A new "financial aid shopping sheet" will show college applicants exactly how much money they will be forking over for their education and help them compare financial aid offers from the different schools they're considering.
The White House, Department of Education and the Consumer Financial Protection Bureau unveiled the final version of their Financial Aid Shopping Sheet on Tuesday, after reviewing public comments on a draft they presented last year.
Colleges can adopt the form voluntarily, and U.S. Secretary of Education Arne Duncan will publish an open letter to U.S. colleges on Tuesday, encouraging them to adopt the new form.
Duncan said the sheet has been met with enthusiasm from schools so far, with at least 10 major undergraduate institutions -- representing about 1.5 million students -- already pledging to adopt the form, including Arizona State University, Syracuse University and Vassar College.
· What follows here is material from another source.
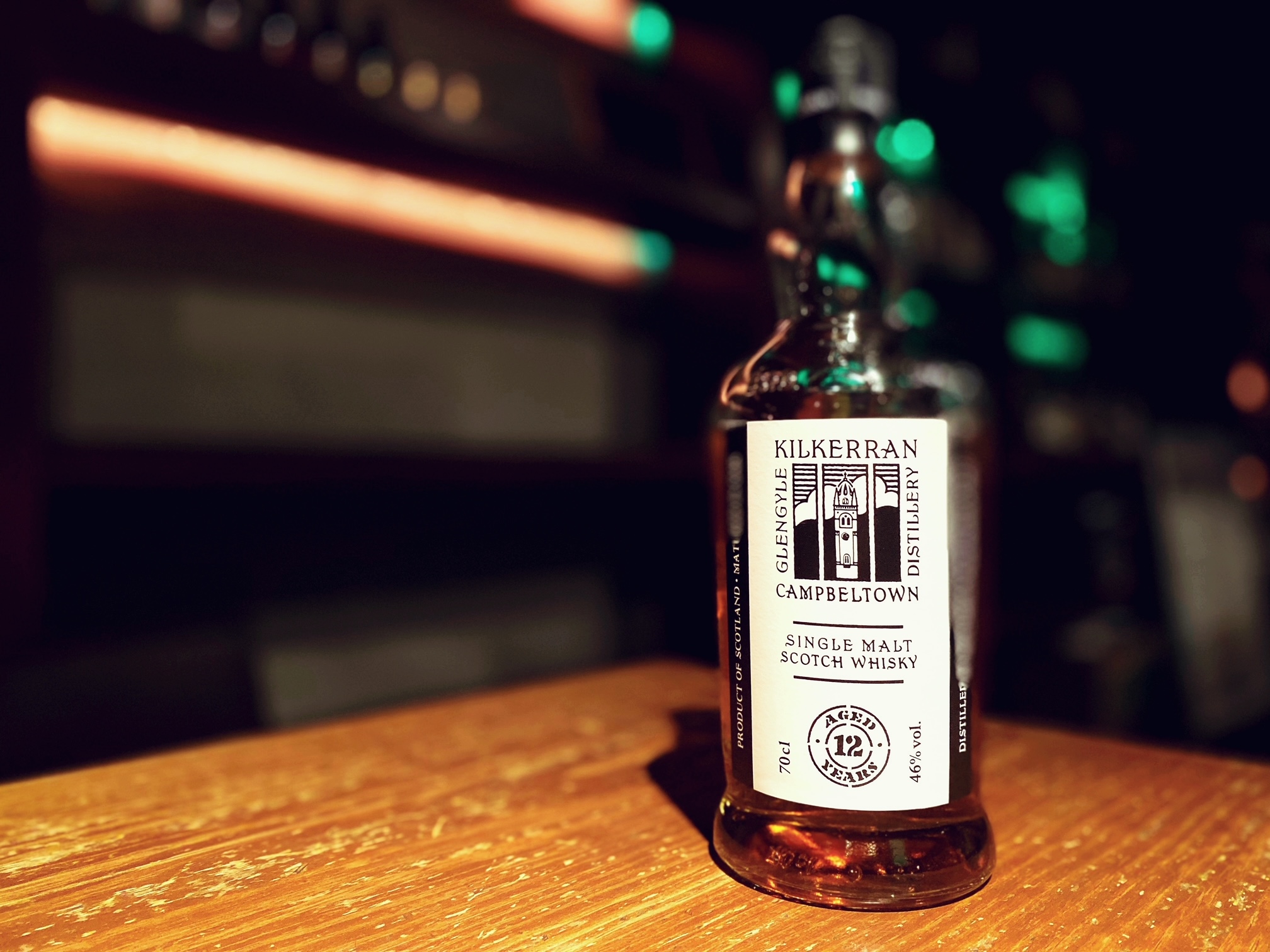 [ 少量生産 ] Kilkerran12年 キャンベルタウン<ふらんじゅ> 少量生産 ] Kilkerran12年 キャンベルタウン<ふらんじゅ> キルケラン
Students should be wary of schools that choose not to adopt the form, he said. "If a college isn't willing to be transparent, the question you have to ask is 'why?'," Duncan said on a call with reporters.
The "shopping sheet" is meant to replace the current financial aid award letters that colleges send to students. The White House said in a statement about the new form that existing financial aid letters can be "confusing, lacking clear distinctions between grants and loans, as well as information about post-graduate outcomes associated with the institution."
The finalized form will be one page, and will include personalized information about how much one year of school will cost, the loan options available to that applicant, the differences between grants and scholarships and the net cost of college when grants and scholarships are taken into consideration.
It will also give applicants an idea of how hard it will be to repay that amount upon graduation, providing the default rates for that particular school and estimated monthly payments a student will be required to make once they graduate.
"Too often, students and families face the daunting task of deciding where to enroll, whether to write a check, or whether to sign for a student loan, without a clear explanation of what the costs mean, or how these costs compare to other colleges they are considering," the White House said. "As a result, too many students leave college with debt that they didn't understand at the time that they entered school."
As more schools adopt the sheet, it will be easier for students to comparison shop before making a decision.
Many students receiving military benefits will also be seeing these new forms show up in their mailboxes next fall. In April, President Obama signed an executive order requiring schools accepting Tuition Assistance and G.I. Bill funding to provide the sheet to military financial aid recipients in the 2013-2014 school year -- representing more than 1,500 institutions.